Inline Graphviz 2013-09-24


This post by David King on inline Graphviz graphs inspired me to write my first Rack middleware in a long time. David's code uses PHP on the server-end coupled with javascript to parse out Graphviz data from script tags, and then render the graphs with the appropriate Graphviz tool and serve up the image. It's a great solution for "graphviz-as-a-service" if you want a really generic way of service up Graphviz graphs from "anywhere".

However for my own use, I don't tend to like doing stuff like this client side, and I don't want to run PHP when the rest of my blog is all Ruby. I also don't need a very generic solution.

My blog runs through a multi-stage pipeline that parses an augmented Markdown variation anyway, so I decided I wanted a solution that does it all server-side and simply caches the output.

So I figured I'd like something that let me pass in the graph that my filters extract, and get either a url to an inline graph back, or optionally inline SVG, combined with a Rack middleware to handle requests for the graph image (if not using the inline option) and render it and cache it in a file.

First a couple of examples

The dot code:


        digraph G {
             graph [
               truecolor=true
               bgcolor="#FFFFFF00"
             ];
    
             edge [  color=blue; ];
             node [  style=filled; fillcolor=blue; ];
    
            this -> that -> more;
        };

And the inline graph:

And another example using a record:


    digraph structs {
    
        node [  style=filled; fillcolor=green; ];
        node [shape=record];
            struct1 [label="<f0> left|<f1> middle|<f2> right"];
            struct2 [label="<f0> one|<f1> two"];
            struct3 [label="hello&#92;nworld |{ b |{c|<here> d|e}| f}| g | h"];
            struct1:f1 -> struct2:f0;
            struct1:f2 -> struct3:here;
        }
                            

And the resulting graph:

Generating the HTML and Graphviz graphs

You can find the code below in this GIST rather than trying to cut and paste it together.

Lets dive straight in:


    require 'digest'
    
    module GViz
    
      CACHE_PATH  = "/tmp/gviz/"
      ENGINES = %w{dot neato twopi circo fdp sfdp}
    
      XSLTPROC = `which xsltproc`.chomp
      notugly = File.dirname(__FILE__)+"/notugly.xsl"
      NOTUGLY  = (File.exists?(notugly) && XSLTPROC != "") ? notugly : nil
      CONVERT = `which convert`

The CACHE_PATH is where we'll store the cached images.

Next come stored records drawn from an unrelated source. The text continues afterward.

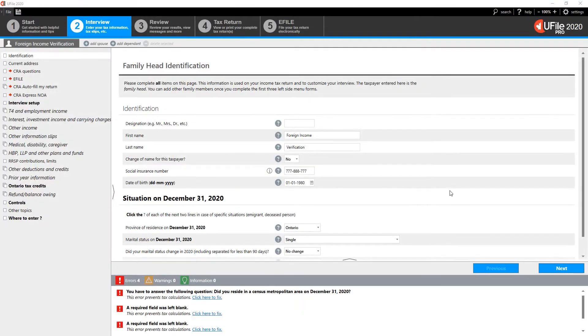In this video, we will see how to produce the T1135 form Foreign Income Verification Statement within U-File. For more details on the Foreign Income Verification Statement requirements, please consult the description of this video.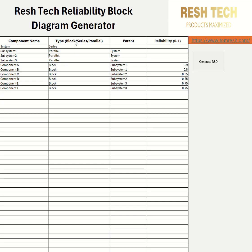Make sure that you have the types capitalized — first letter capitalized — just like you see in this column header. For the parent field, you can name it whatever you want and it can be without a capitalized starting letter, but you've got to be consistent. Each subsystem's parent is 'system', and then Component A and Component B have their parent set to 'Subsystem 1'.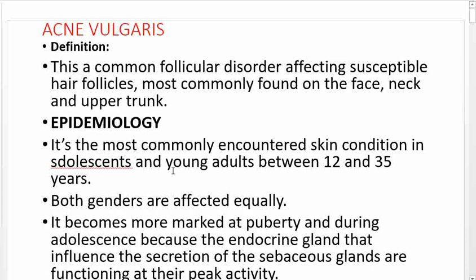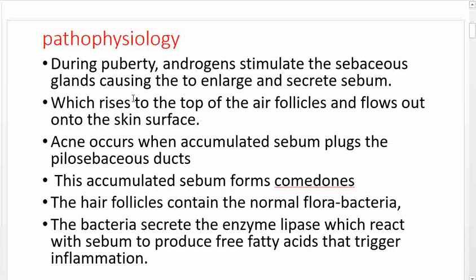A very significant thing to know is that acne vulgaris becomes more marked at puberty and during adolescence because the endocrine glands that influence secretion of the sebaceous glands are functioning at their peak activity. Those who don't have pimples may have relatively less active endocrine gland activity, though this is not a hallmark for diagnosing fertility or infertility.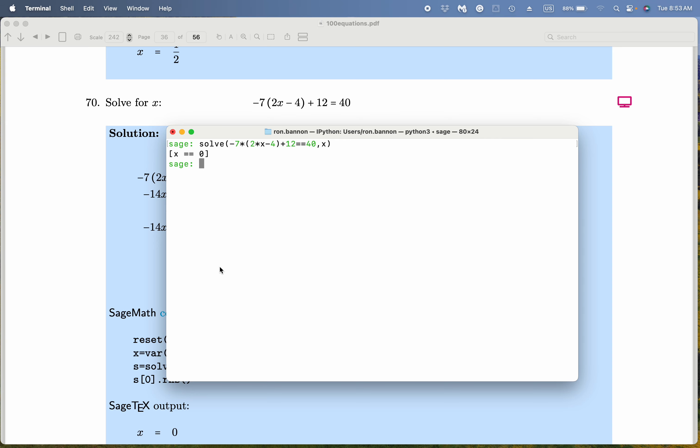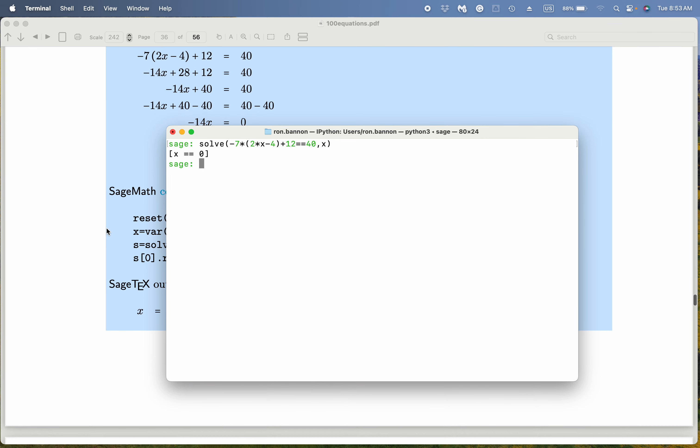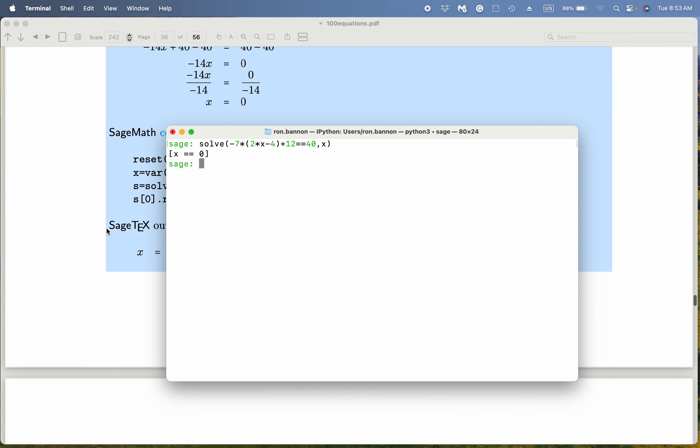What do you see over here? It says x equals 0. Let's see what we got by paper and pencil — no surprise there. We're also getting x equals 0. Thank you.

ENGINES is a list of the Graphviz tools to use for layout/rendering.

The rest of this chunk is used to detect the pre-requisites to process the Graphviz output using my XSL for prettying up Graphviz SVG output - it requires the notugly.xsl file from those articles, as well as xsltproc. If you also want to be able to convert the cleaned up SVG to PNG, it requires a convert equivalent to that from ImageMagick (if my XSL isn't used, the code will get Graphviz to render directly to PNG).


      class Graph
        def initialize(graph)
          @graph = graph
        end
        
        def slug
          # The MD5 hash is not for security, since I'm not accepting posted graphs,
          # nor keeping any private graphs. 
          @slug ||= Digest::MD5.hexdigest(@graph)
        end
    
        def write(fname)
          `mkdir -p #{CACHE_PATH}`
          File.open(fname,"w") do |f|
            f.write(@graph)
          end
        end
    
        def cache
          fname = "#{CACHE_PATH}#{slug}.dot"
          write(fname) if !File.exists?(fname)
          slug
        end
        
            
        def self.dot_file(slug)
          "#{CACHE_PATH}#{slug}.dot"
        end
      end

This small class just contains the code needed to cache the graph somewhere. The graph needs to be available in a file when rendering it, but if you want to store the extracted graph fragments somewhere else, like in a database, replacing this class is an easy way - only the cache and Graph.dot_file methods are called from elsewhere.


      class Cache
        def initialize hash,engine,format
          @hash   = hash
          @engine = engine
          @format = format
    
          raise "Unsupported layout" if !ENGINES.member?(@engine.to_s)
        end
    
        def layout(format, src, dest)
          system("#{@engine.to_s} -T#{format.to_s} #{src} -o #{dest}")
        end
    
        def xsl(src,dest)
          system("#{XSLTPROC} --nonet #{NOTUGLY} #{src} >#{dest}")
        end
    
        def convert(src,dest)
          system("convert #{src} #{dest}")
        end

The above methods layout, xsl and convert covers the conversion. Note: You want to make sure that if you expose this via a web server, that format is sanitized - in my Rack code, I limit this to the strings "png" and "svg". For that matter, this applies to src and dest too, but in my code those never comes from the client.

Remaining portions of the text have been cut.